A
distanza di poco più di due anni dal precedente The Company You Keep,
John Gorka ci regala un’altra raccolta di grandi canzoni che vanno ad aggiungersi
ad una discografia di notevole livello che ha contribuito a renderlo uno dei
maggiori rappresentanti della canzone d’autore statunitense. Non è facile
descrivere ne tantomeno etichettare la musica di John Gorka: la base di
partenza è sicuramente la tradizione folk americana, ma sarebbe quantomeno
riduttivo definirlo semplicemente un folksinger.
John
Gorka è un poeta nella cui visione musicale trovano spazio le radici ma anche
influenze più contemporanee in un contesto in cui strumenti elettrici ed
acustici si trovano in mirabile equilibrio.
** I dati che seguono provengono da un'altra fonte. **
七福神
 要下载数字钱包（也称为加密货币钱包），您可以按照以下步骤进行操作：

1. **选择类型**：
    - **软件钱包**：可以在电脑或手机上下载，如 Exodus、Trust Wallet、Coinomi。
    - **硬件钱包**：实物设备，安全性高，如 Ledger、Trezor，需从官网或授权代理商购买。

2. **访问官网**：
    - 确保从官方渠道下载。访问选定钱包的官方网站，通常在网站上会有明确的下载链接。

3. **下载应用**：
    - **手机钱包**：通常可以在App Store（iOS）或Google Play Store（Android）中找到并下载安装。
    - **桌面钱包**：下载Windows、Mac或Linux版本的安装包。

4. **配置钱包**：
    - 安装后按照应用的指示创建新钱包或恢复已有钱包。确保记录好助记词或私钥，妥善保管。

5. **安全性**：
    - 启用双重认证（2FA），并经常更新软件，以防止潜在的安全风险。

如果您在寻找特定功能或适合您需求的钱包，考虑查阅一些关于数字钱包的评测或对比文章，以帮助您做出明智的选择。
La sua capacità di affiancare
tematiche personali ed autobiografiche ad un senso più universale di amore e
pace è semplicemente eccezionale, come pochi sanno fare (i primi nomi che mi
vengono in mente sono Carrie Newcomer e Bruce Cockburn).
Old
Futures Gone
segue abbastanza fedelmente lo stile del precedente lavoro, con un’attenzione
particolare per gli arrangiamenti strumentali (in cui spiccano le tastiere di
Jeff Victor, le chitarre elettriche di Dean Magraw e di Dirk Freymuth e le
colorate percussioni di Marc Anderson) e le armonie vocali.
Da questo
punto di vista, seguendo l’esempio di The Company You Keep, queste
session sono arricchite dalle voci di Lucy Kaplansky, Alice Peacock, Kathleen
Johnson e Joel Sayles che danno un tocco ulteriormente aggraziato alle canzoni.
Qualitativamente
la media delle composizioni è di livello medio alto con almeno sette-otto
canzoni che possono entrare di diritto tra le sue migliori ‘creature’. Dogs
& Thunder, Always, Outside, Trouble & Care (in
cui John si esibisce anche al banjo dandole una interessante patina
tradizionale), Old Future, Poor Side, Riverside e War
Makes War sono a mio parere i momenti più intriganti ed intensi di un album
la cui forza sta nell’unire sensibilità e passione, senso della melodia e
introspezione, il tutto con grande naturalezza.